Starting at the line that contains "cafeteria reputation 139620193" and stopping after the line that contains "Golden Dessert with", transcribe the listing below exactly; do not include any pictures.

→ **RECORDS TO USE**
***

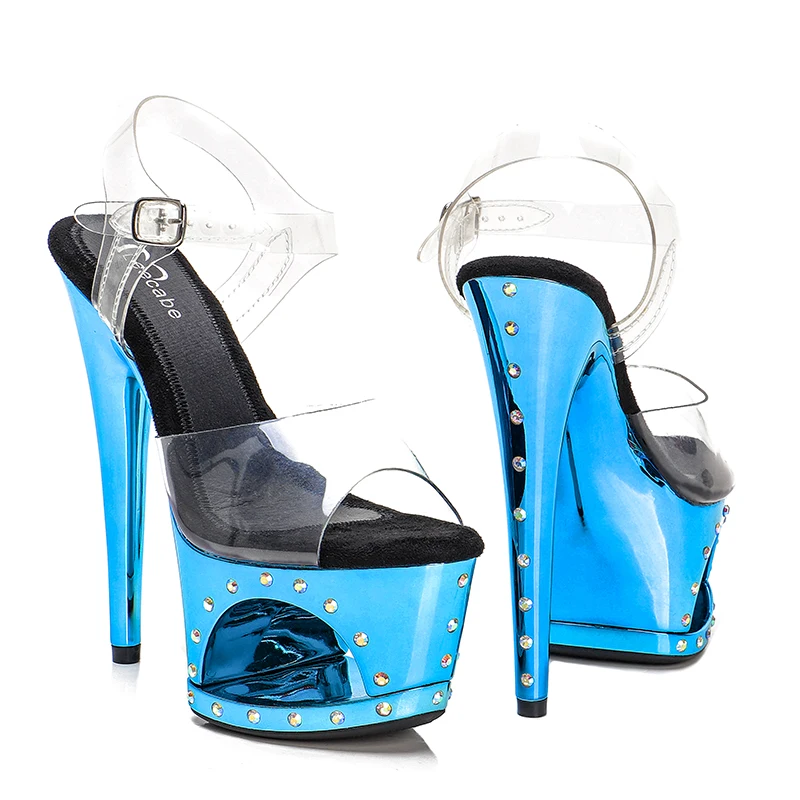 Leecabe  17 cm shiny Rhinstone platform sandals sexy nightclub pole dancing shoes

***

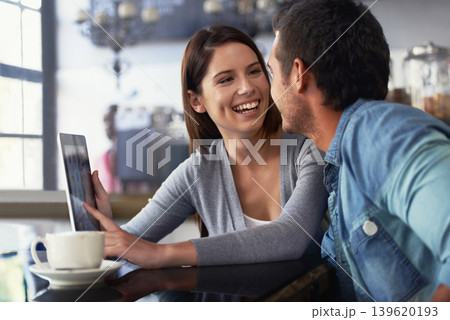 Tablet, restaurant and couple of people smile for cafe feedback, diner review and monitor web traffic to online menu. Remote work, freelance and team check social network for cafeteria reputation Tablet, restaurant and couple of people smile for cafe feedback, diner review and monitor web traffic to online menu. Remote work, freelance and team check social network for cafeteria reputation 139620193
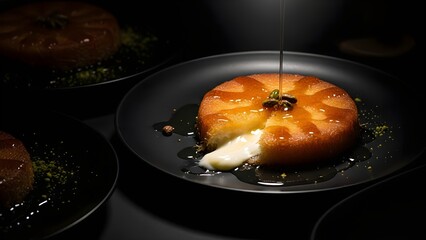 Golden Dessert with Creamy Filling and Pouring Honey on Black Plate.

***

→ **WRITTEN ANSWER**
 Tablet, restaurant and couple of people smile for cafe feedback, diner review and monitor web traffic to online menu. Remote work, freelance and team check social network for cafeteria reputation Tablet, restaurant and couple of people smile for cafe feedback, diner review and monitor web traffic to online menu. Remote work, freelance and team check social network for cafeteria reputation 139620193
 Golden Dessert with Creamy Filling and Pouring Honey on Black Plate.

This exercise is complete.